第6章 A Vision of Sandy Blight(1)
I'd been humping my back, and crouching and groaning for an hour or so in the darkest corner of the travellers' hut, tortured by the demon of sandy blight. It was too hot to travel, and there was no one there except ourselves and Mitchell's cattle pup.
We were waiting till after sundown, for I couldn't have travelled in the daylight, anyway. Mitchell had tied a wet towel round my eyes, and led me for the last mile or two by another towel -- one end fastened to his belt behind, and the other in my hand as I walked in his tracks. And oh! but this was a relief!

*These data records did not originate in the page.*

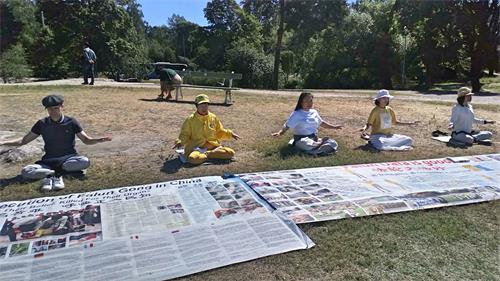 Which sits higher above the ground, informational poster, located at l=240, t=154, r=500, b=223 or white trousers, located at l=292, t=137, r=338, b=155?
white trousers, located at l=292, t=137, r=338, b=155

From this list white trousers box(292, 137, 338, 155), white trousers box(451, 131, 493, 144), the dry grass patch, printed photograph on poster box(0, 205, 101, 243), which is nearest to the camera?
printed photograph on poster box(0, 205, 101, 243)

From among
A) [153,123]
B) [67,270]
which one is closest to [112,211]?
[67,270]

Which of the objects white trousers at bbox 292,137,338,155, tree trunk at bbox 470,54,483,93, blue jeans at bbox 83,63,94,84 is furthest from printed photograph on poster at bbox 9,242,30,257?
tree trunk at bbox 470,54,483,93

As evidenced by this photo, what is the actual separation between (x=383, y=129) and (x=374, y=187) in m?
2.56

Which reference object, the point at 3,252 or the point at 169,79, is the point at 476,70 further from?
the point at 3,252

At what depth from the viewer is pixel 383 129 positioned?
7043 mm

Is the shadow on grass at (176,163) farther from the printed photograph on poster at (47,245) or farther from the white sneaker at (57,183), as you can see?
the printed photograph on poster at (47,245)

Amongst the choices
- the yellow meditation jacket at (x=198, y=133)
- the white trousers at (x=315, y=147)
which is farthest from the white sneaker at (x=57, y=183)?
the white trousers at (x=315, y=147)

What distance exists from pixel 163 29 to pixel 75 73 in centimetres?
5941

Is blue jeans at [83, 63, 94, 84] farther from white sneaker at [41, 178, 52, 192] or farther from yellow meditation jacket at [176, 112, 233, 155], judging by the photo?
white sneaker at [41, 178, 52, 192]

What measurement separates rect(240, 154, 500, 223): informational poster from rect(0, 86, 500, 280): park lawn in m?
0.19

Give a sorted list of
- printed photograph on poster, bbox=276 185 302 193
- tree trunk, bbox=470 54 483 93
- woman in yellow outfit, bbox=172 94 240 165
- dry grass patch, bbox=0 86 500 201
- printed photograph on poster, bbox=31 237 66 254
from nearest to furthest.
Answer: printed photograph on poster, bbox=31 237 66 254, printed photograph on poster, bbox=276 185 302 193, dry grass patch, bbox=0 86 500 201, woman in yellow outfit, bbox=172 94 240 165, tree trunk, bbox=470 54 483 93

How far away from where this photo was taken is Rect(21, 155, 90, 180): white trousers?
493cm

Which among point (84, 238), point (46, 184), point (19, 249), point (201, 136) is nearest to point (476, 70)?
point (201, 136) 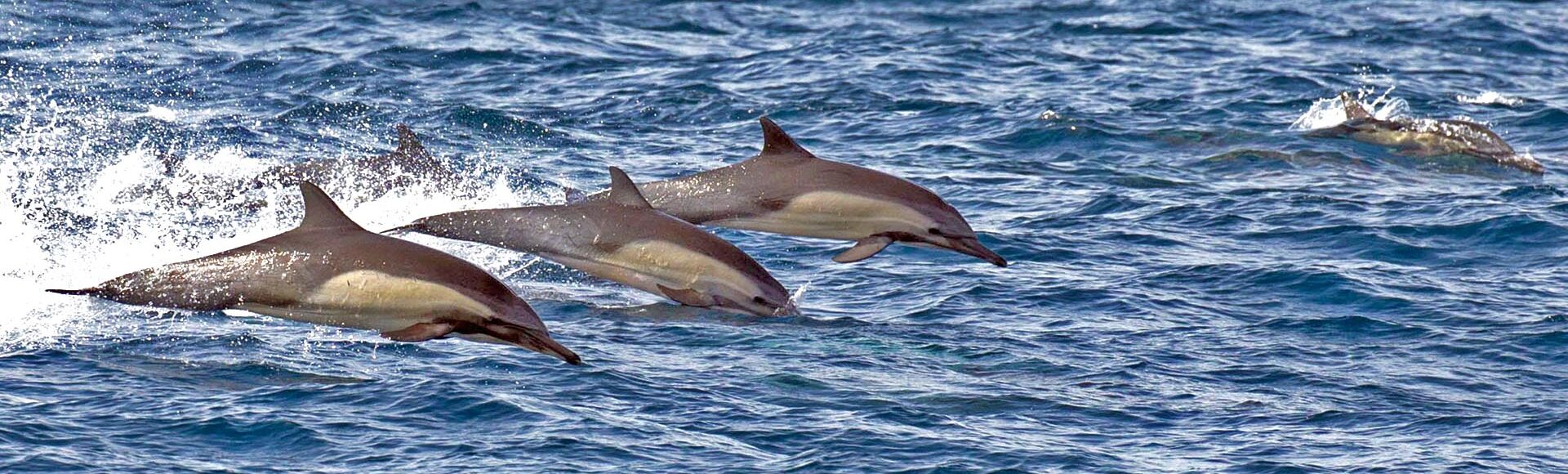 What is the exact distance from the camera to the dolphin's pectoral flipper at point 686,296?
35.1 ft

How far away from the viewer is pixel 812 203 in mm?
11703

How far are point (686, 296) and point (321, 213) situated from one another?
2.03 m

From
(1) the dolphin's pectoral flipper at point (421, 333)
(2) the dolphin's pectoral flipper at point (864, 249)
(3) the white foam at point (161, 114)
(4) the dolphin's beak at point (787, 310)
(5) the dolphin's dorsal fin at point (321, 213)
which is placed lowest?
(4) the dolphin's beak at point (787, 310)

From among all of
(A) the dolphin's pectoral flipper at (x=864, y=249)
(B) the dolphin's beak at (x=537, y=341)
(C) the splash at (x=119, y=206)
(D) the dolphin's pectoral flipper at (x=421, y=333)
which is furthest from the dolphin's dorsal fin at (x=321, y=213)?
(A) the dolphin's pectoral flipper at (x=864, y=249)

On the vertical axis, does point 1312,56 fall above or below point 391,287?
below

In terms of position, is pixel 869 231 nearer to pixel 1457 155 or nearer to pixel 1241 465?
pixel 1241 465

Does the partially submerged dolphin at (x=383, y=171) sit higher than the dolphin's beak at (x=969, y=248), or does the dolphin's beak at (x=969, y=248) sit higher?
the partially submerged dolphin at (x=383, y=171)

It was out of the dust and glare, and the flies didn't come into the dark hut, and I could hump and stick my knees in my eyes and groan in comfort.
I didn't want a thousand a year, or anything; I only wanted relief for my eyes -- that was all I prayed for in this world. When the sun got down a bit, Mitchell started poking round, and presently he found amongst the rubbish a dirty-looking medicine bottle, corked tight; when he rubbed the dirt off a piece of notepaper that was pasted on, he saw "eye-water" written on it.
He drew the cork with his teeth, smelt the water, stuck his little finger in, turned the bottle upside down, tasted the top of his finger, and reckoned the stuff was all right.
"Here! Wake up, Joe!" he shouted. "Here's a bottle of tears."
"A bottler wot?" I groaned.
"Eye-water," said Mitchell.
"Are you sure it's all right?" I didn't want to be poisoned or have my eyes burnt out by mistake; perhaps some burning acid had got into that bottle, or the label had been put on, or left on, in mistake or carelessness.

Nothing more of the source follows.